> [The problem]
Copy out each line of the material below with no changes.

***** Dataset content *****

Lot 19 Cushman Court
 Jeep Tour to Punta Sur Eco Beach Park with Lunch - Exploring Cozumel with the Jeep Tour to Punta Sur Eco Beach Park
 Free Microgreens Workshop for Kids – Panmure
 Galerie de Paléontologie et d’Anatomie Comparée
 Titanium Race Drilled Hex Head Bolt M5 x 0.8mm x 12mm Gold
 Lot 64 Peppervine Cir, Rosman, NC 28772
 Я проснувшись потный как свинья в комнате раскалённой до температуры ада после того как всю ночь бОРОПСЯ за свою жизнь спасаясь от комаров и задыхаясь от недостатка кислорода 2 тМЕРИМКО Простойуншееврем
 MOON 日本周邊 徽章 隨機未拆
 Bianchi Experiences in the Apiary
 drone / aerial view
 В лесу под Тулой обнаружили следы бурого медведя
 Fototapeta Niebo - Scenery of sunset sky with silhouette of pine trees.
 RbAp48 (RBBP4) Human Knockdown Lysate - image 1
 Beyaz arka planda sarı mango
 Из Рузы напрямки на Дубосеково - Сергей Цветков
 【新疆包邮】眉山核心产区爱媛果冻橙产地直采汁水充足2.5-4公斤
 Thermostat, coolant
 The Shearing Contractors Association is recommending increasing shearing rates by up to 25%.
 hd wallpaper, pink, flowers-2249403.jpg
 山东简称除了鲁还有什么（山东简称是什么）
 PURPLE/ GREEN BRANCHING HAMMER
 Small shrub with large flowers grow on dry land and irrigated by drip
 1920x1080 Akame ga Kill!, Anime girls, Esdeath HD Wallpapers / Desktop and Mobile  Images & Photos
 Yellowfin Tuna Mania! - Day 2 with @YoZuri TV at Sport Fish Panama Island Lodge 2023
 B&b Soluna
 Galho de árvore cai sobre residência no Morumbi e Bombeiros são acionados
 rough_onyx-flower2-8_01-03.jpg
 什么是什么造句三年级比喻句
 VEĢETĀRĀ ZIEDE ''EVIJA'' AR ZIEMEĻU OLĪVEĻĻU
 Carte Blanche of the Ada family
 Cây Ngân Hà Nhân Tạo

*****

> [Written response]
Lot 19 Cushman Court
 Jeep Tour to Punta Sur Eco Beach Park with Lunch - Exploring Cozumel with the Jeep Tour to Punta Sur Eco Beach Park
 Free Microgreens Workshop for Kids – Panmure
 Galerie de Paléontologie et d’Anatomie Comparée
 Titanium Race Drilled Hex Head Bolt M5 x 0.8mm x 12mm Gold
 Lot 64 Peppervine Cir, Rosman, NC 28772
 Я проснувшись потный как свинья в комнате раскалённой до температуры ада после того как всю ночь бОРОПСЯ за свою жизнь спасаясь от комаров и задыхаясь от недостатка кислорода 2 тМЕРИМКО Простойуншееврем
 MOON 日本周邊 徽章 隨機未拆
 Bianchi Experiences in the Apiary
 drone / aerial view
 В лесу под Тулой обнаружили следы бурого медведя
 Fototapeta Niebo - Scenery of sunset sky with silhouette of pine trees.
 RbAp48 (RBBP4) Human Knockdown Lysate - image 1
 Beyaz arka planda sarı mango
 Из Рузы напрямки на Дубосеково - Сергей Цветков
 【新疆包邮】眉山核心产区爱媛果冻橙产地直采汁水充足2.5-4公斤
 Thermostat, coolant
 The Shearing Contractors Association is recommending increasing shearing rates by up to 25%.
 hd wallpaper, pink, flowers-2249403.jpg
 山东简称除了鲁还有什么（山东简称是什么）
 PURPLE/ GREEN BRANCHING HAMMER
 Small shrub with large flowers grow on dry land and irrigated by drip
 1920x1080 Akame ga Kill!, Anime girls, Esdeath HD Wallpapers / Desktop and Mobile  Images & Photos
 Yellowfin Tuna Mania! - Day 2 with @YoZuri TV at Sport Fish Panama Island Lodge 2023
 B&b Soluna
 Galho de árvore cai sobre residência no Morumbi e Bombeiros são acionados
 rough_onyx-flower2-8_01-03.jpg
 什么是什么造句三年级比喻句
 VEĢETĀRĀ ZIEDE ''EVIJA'' AR ZIEMEĻU OLĪVEĻĻU
 Carte Blanche of the Ada family
 Cây Ngân Hà Nhân Tạo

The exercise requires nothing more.